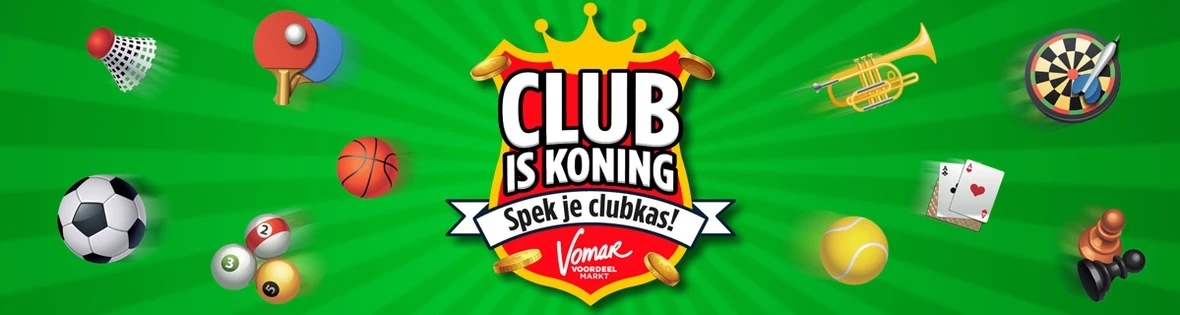 Spaar mee voor de RKAV met de Vomar “Club is Koning Spaaractie”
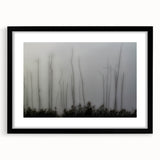 Abstract art print of Louisiana scenery in vibrant, colorful hues on a textured, extra large canvas.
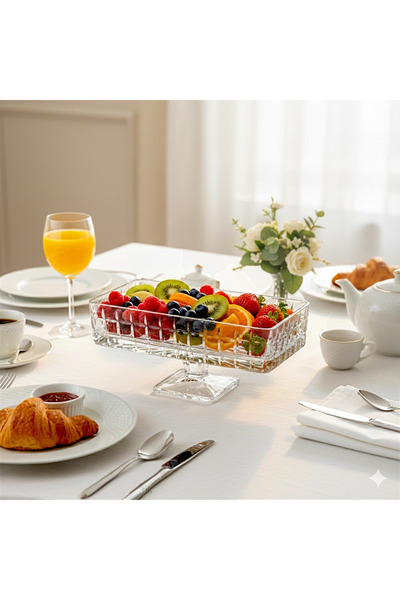 AYZ HOME dörtgen Sunumluk & Mezelik Salata Kasesi 12x24 cm 12cm yükseklik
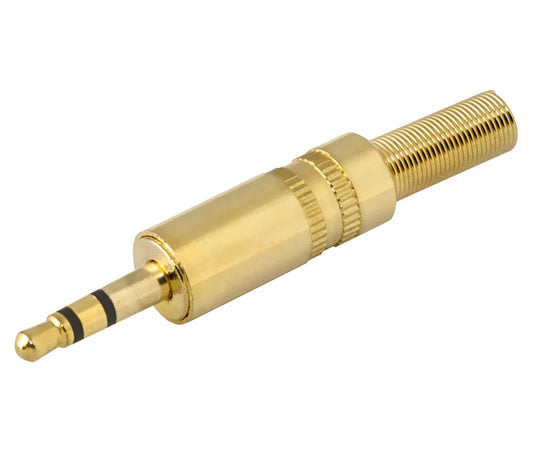 Mini Jack 3,5 Estereo Dorado oro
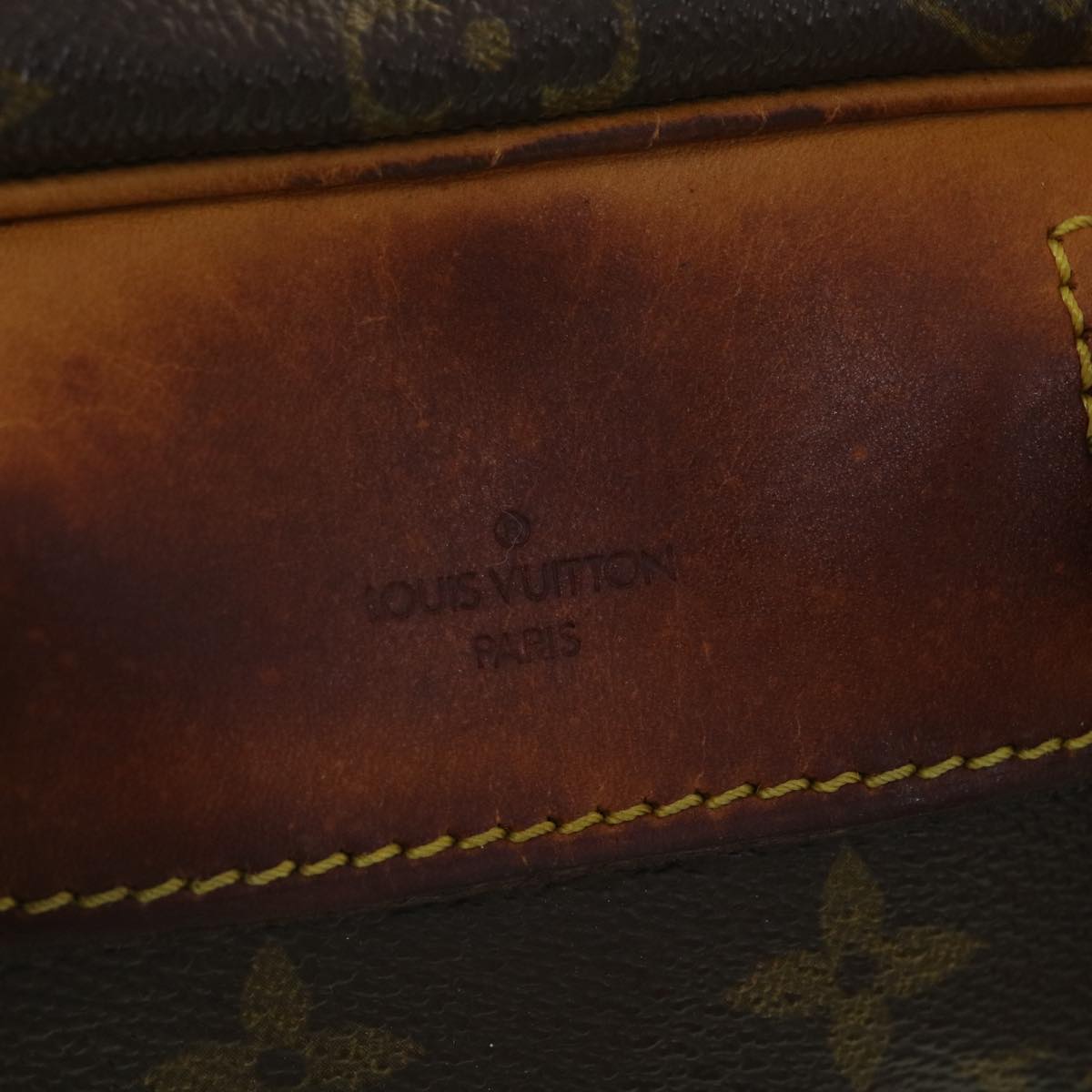 LOUIS VUITTON Monogram Deauville Hand Bag M47270 LV Auth 37877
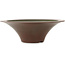 Pot à bonsaï rond non émaillé de Bigei - 180 x 180 x 60 mm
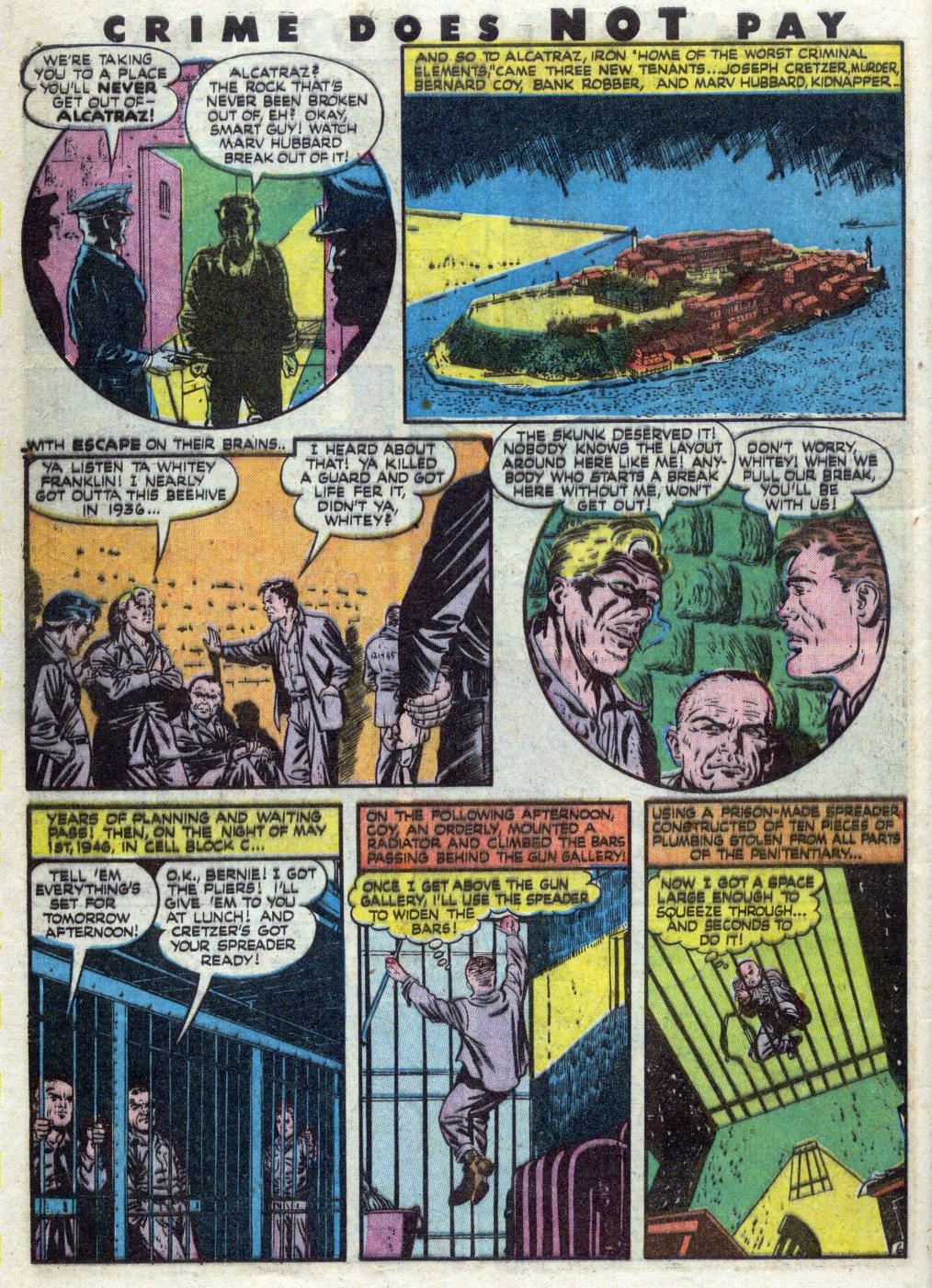 Crime Does Not Pay #48 (Lev Gleason), page 56. Public domain (US).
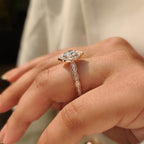Round Diamond Engagement Ring in Halo Style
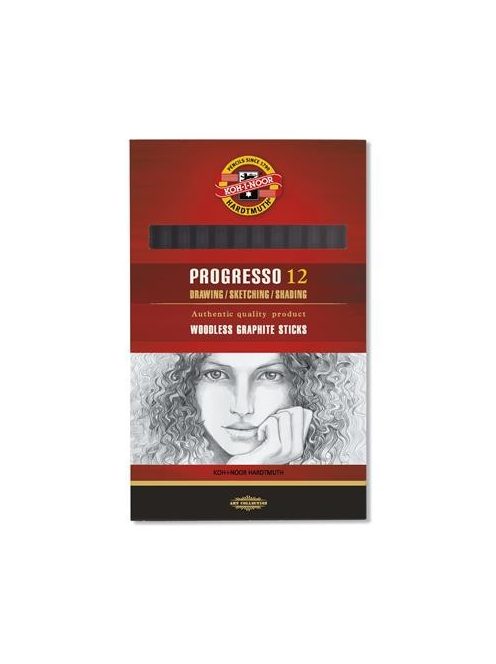 Grafitceruza, 8B, KOH-I-NOOR "8911 Progresso" (TKOH89118B)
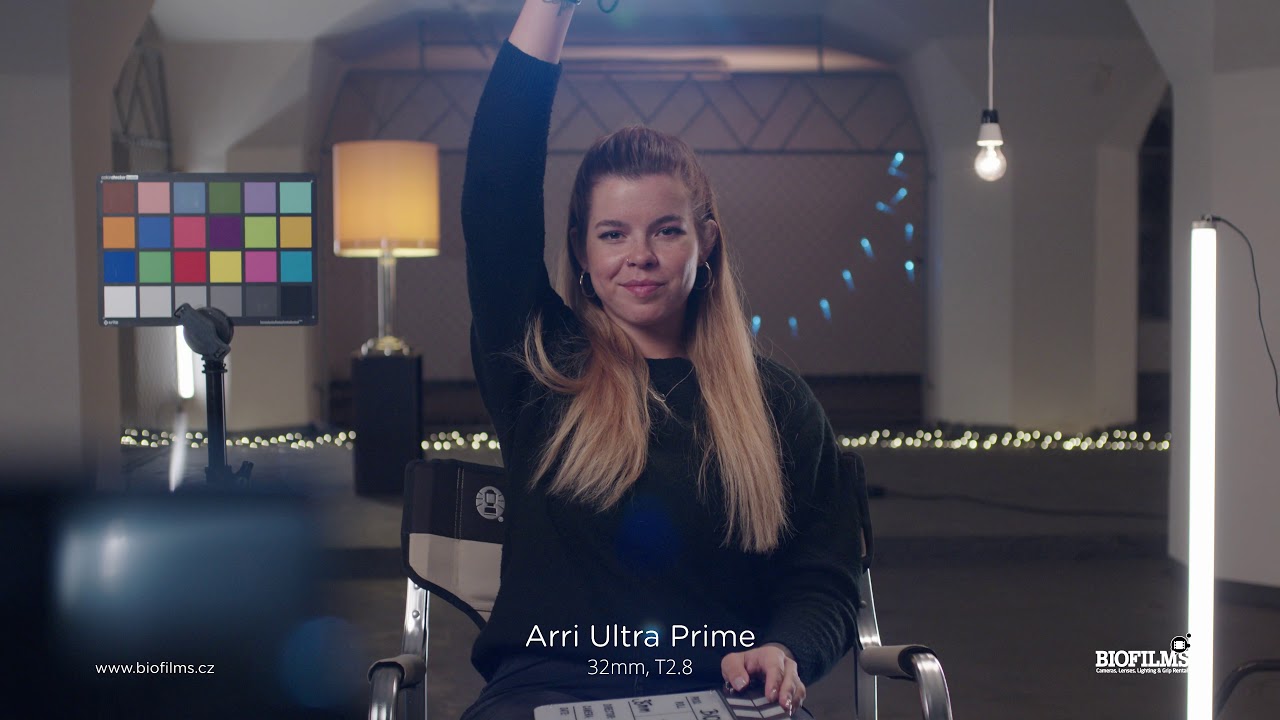 Biofilms.cz - ARRI Ultra Prime 32mm T1.9 (PL) lens test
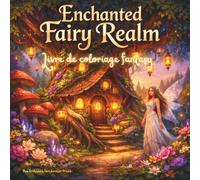 Enchanted Fairy Realm - Livre de coloriage fantasy pour adolescents et adultes: Fées, forêts enchantées et scènes féeriques relaxantes pour réduire le stress et stimuler la créativité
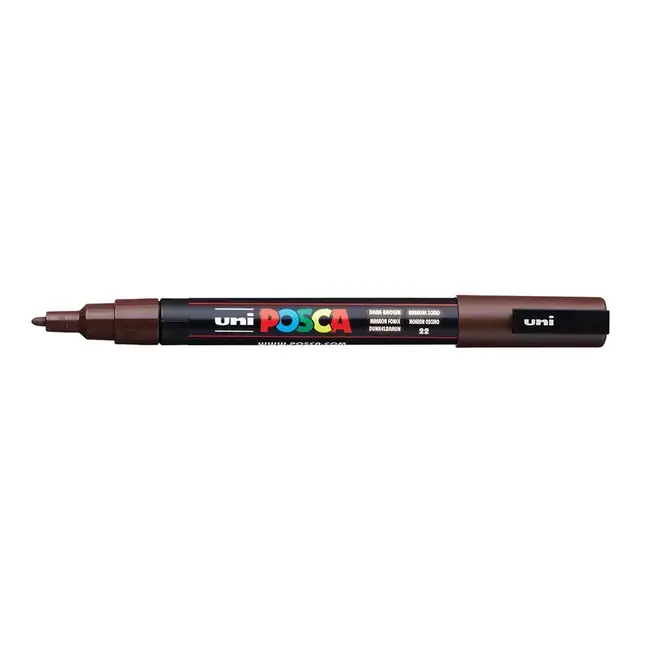 POSCA FINE BULLET TIP DARK BROWN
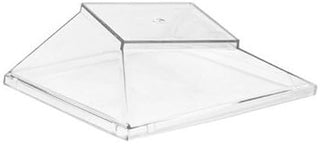 Alcas Clear Lid Only for 4.06 Oz Charme Plastic Cup - 40 Pieces
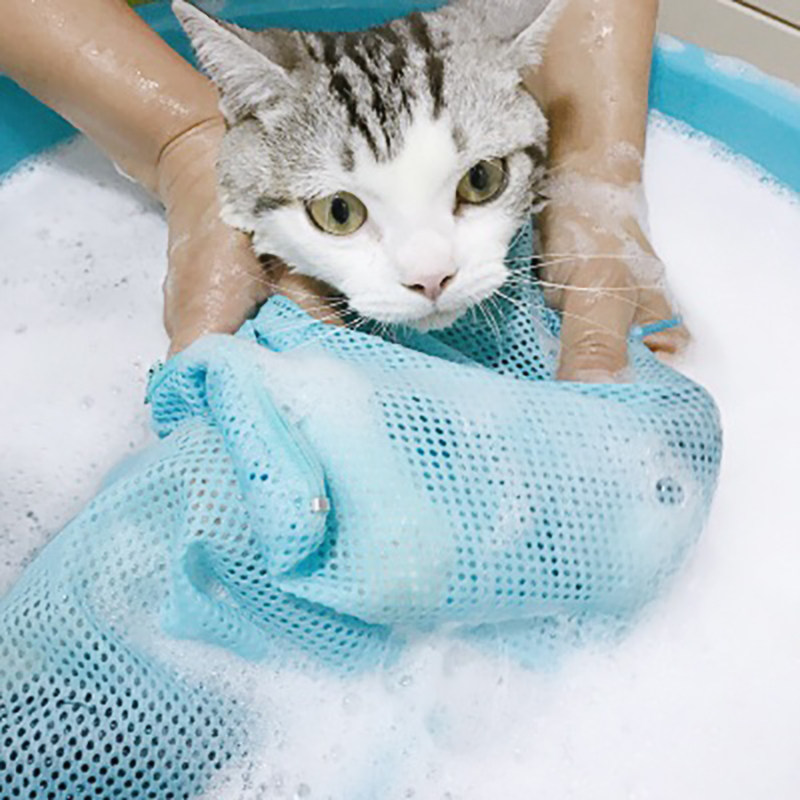 魅宠洗猫袋防抓咬剪指甲掏耳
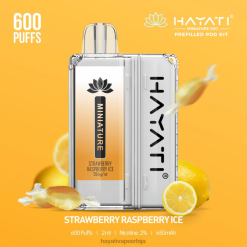 Hayati Miniature 600 комплета махуна 84XDP47 јагода малина лед - Hayati Flavour List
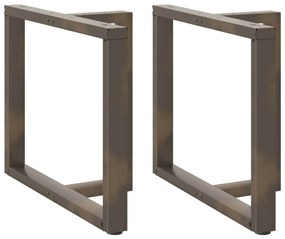 vidaXL Pés de mesa de jantar em forma de T, 2 peças, preto, 100x35x(72-73) cm, aço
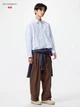 Укороченная рубашка свободного кроя JW ANDERSON UNIQLO в клетку 1159862495 (Голубой XL) - изображение 4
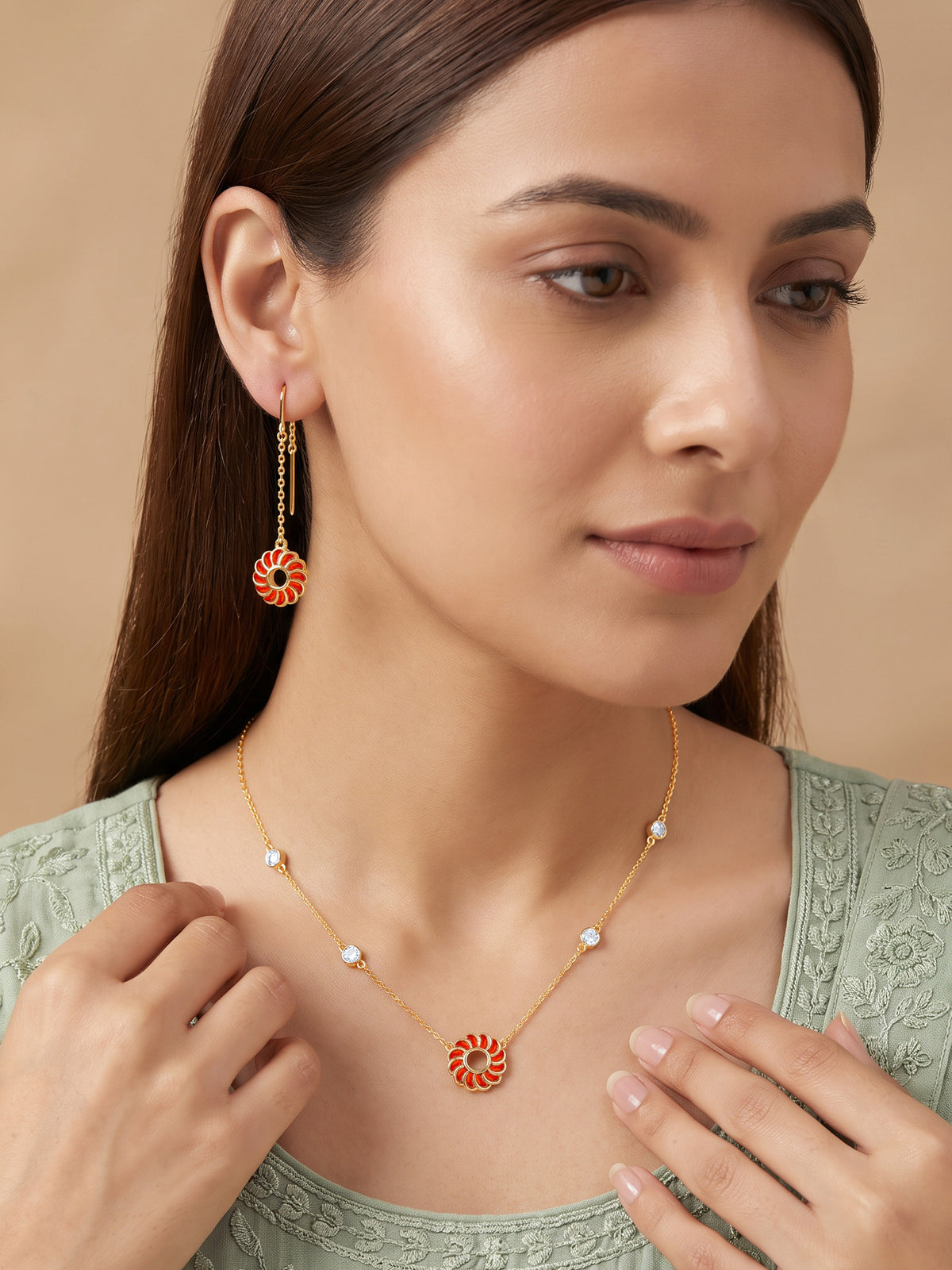 Golden Kesari Jalebi Set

§ **Problem description**
Here the job is to output the lines from the top of the listing through the line holding "Hayati Miniature 600", word for word and without pictures.

§ **Exercise response**
 Spaar mee voor de RKAV met de Vomar “Club is Koning Spaaractie”
 Abstract art print of Louisiana scenery in vibrant, colorful hues on a textured, extra large canvas.
 AYZ HOME dörtgen Sunumluk & Mezelik Salata Kasesi 12x24 cm 12cm yükseklik
 Mini Jack 3,5 Estereo Dorado oro
 LOUIS VUITTON Monogram Deauville Hand Bag M47270 LV Auth 37877
 Pot à bonsaï rond non émaillé de Bigei - 180 x 180 x 60 mm
 Crime Does Not Pay #48 (Lev Gleason), page 56. Public domain (US).
Round Diamond Engagement Ring in Halo Style
 Grafitceruza, 8B, KOH-I-NOOR "8911 Progresso" (TKOH89118B)
 Biofilms.cz - ARRI Ultra Prime 32mm T1.9 (PL) lens test
 Enchanted Fairy Realm - Livre de coloriage fantasy pour adolescents et adultes: Fées, forêts enchantées et scènes féeriques relaxantes pour réduire le stress et stimuler la créativité
 POSCA FINE BULLET TIP DARK BROWN
 Alcas Clear Lid Only for 4.06 Oz Charme Plastic Cup - 40 Pieces
 魅宠洗猫袋防抓咬剪指甲掏耳
 Hayati Miniature 600 комплета махуна 84XDP47 јагода малина лед - Hayati Flavour List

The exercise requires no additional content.